▶ Exercise inputs:
= = =

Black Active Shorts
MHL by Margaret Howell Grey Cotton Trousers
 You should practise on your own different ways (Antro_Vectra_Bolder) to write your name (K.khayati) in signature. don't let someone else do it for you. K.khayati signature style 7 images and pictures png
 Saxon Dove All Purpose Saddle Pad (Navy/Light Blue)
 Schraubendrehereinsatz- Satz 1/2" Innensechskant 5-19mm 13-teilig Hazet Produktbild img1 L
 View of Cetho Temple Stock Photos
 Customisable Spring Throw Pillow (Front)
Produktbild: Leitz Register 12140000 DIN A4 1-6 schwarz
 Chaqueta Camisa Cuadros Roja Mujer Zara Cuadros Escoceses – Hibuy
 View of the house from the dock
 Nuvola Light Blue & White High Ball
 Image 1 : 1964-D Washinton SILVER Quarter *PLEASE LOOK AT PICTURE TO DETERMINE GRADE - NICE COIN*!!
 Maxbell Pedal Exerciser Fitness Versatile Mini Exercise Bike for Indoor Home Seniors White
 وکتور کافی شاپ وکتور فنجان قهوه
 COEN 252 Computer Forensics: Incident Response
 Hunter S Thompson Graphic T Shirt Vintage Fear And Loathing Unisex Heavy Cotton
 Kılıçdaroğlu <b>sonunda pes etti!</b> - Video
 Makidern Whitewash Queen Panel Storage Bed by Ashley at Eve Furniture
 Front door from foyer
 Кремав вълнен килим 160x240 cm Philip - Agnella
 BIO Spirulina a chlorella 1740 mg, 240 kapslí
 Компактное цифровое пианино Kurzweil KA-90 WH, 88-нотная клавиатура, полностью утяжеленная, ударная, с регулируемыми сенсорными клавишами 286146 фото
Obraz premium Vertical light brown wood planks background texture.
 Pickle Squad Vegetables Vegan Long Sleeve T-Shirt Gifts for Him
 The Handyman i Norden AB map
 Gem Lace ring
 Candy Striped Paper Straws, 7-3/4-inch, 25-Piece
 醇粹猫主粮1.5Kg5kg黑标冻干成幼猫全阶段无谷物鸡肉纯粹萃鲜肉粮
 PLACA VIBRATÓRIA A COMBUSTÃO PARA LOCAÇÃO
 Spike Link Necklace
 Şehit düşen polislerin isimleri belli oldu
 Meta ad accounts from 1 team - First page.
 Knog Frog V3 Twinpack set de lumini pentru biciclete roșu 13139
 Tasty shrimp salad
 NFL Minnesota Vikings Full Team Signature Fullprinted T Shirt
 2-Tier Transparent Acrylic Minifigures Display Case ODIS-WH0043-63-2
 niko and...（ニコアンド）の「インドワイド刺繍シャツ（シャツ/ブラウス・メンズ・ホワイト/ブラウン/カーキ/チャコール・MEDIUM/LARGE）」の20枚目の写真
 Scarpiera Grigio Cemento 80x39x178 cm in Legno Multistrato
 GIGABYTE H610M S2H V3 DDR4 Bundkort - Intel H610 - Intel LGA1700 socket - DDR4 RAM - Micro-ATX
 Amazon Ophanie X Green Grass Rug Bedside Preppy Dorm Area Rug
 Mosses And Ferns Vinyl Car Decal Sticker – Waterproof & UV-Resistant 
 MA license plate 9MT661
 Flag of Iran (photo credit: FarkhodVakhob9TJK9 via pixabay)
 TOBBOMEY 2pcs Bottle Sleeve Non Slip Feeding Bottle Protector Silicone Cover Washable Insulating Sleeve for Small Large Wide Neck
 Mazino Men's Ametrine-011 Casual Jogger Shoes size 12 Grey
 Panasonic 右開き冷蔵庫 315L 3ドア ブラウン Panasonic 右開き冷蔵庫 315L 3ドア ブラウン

= = =

From the first line to the last, please quote the material above exactly.

▶ Answer to the exercise:
Black Active Shorts
MHL by Margaret Howell Grey Cotton Trousers
 You should practise on your own different ways (Antro_Vectra_Bolder) to write your name (K.khayati) in signature. don't let someone else do it for you. K.khayati signature style 7 images and pictures png
 Saxon Dove All Purpose Saddle Pad (Navy/Light Blue)
 Schraubendrehereinsatz- Satz 1/2" Innensechskant 5-19mm 13-teilig Hazet Produktbild img1 L
 View of Cetho Temple Stock Photos
 Customisable Spring Throw Pillow (Front)
Produktbild: Leitz Register 12140000 DIN A4 1-6 schwarz
 Chaqueta Camisa Cuadros Roja Mujer Zara Cuadros Escoceses – Hibuy
 View of the house from the dock
 Nuvola Light Blue & White High Ball
 Image 1 : 1964-D Washinton SILVER Quarter *PLEASE LOOK AT PICTURE TO DETERMINE GRADE - NICE COIN*!!
 Maxbell Pedal Exerciser Fitness Versatile Mini Exercise Bike for Indoor Home Seniors White
 وکتور کافی شاپ وکتور فنجان قهوه
 COEN 252 Computer Forensics: Incident Response
 Hunter S Thompson Graphic T Shirt Vintage Fear And Loathing Unisex Heavy Cotton
 Kılıçdaroğlu <b>sonunda pes etti!</b> - Video
 Makidern Whitewash Queen Panel Storage Bed by Ashley at Eve Furniture
 Front door from foyer
 Кремав вълнен килим 160x240 cm Philip - Agnella
 BIO Spirulina a chlorella 1740 mg, 240 kapslí
 Компактное цифровое пианино Kurzweil KA-90 WH, 88-нотная клавиатура, полностью утяжеленная, ударная, с регулируемыми сенсорными клавишами 286146 фото
Obraz premium Vertical light brown wood planks background texture.
 Pickle Squad Vegetables Vegan Long Sleeve T-Shirt Gifts for Him
 The Handyman i Norden AB map
 Gem Lace ring
 Candy Striped Paper Straws, 7-3/4-inch, 25-Piece
 醇粹猫主粮1.5Kg5kg黑标冻干成幼猫全阶段无谷物鸡肉纯粹萃鲜肉粮
 PLACA VIBRATÓRIA A COMBUSTÃO PARA LOCAÇÃO
 Spike Link Necklace
 Şehit düşen polislerin isimleri belli oldu
 Meta ad accounts from 1 team - First page.
 Knog Frog V3 Twinpack set de lumini pentru biciclete roșu 13139
 Tasty shrimp salad
 NFL Minnesota Vikings Full Team Signature Fullprinted T Shirt
 2-Tier Transparent Acrylic Minifigures Display Case ODIS-WH0043-63-2
 niko and...（ニコアンド）の「インドワイド刺繍シャツ（シャツ/ブラウス・メンズ・ホワイト/ブラウン/カーキ/チャコール・MEDIUM/LARGE）」の20枚目の写真
 Scarpiera Grigio Cemento 80x39x178 cm in Legno Multistrato
 GIGABYTE H610M S2H V3 DDR4 Bundkort - Intel H610 - Intel LGA1700 socket - DDR4 RAM - Micro-ATX
 Amazon Ophanie X Green Grass Rug Bedside Preppy Dorm Area Rug
 Mosses And Ferns Vinyl Car Decal Sticker – Waterproof & UV-Resistant 
 MA license plate 9MT661
 Flag of Iran (photo credit: FarkhodVakhob9TJK9 via pixabay)
 TOBBOMEY 2pcs Bottle Sleeve Non Slip Feeding Bottle Protector Silicone Cover Washable Insulating Sleeve for Small Large Wide Neck
 Mazino Men's Ametrine-011 Casual Jogger Shoes size 12 Grey
 Panasonic 右開き冷蔵庫 315L 3ドア ブラウン Panasonic 右開き冷蔵庫 315L 3ドア ブラウン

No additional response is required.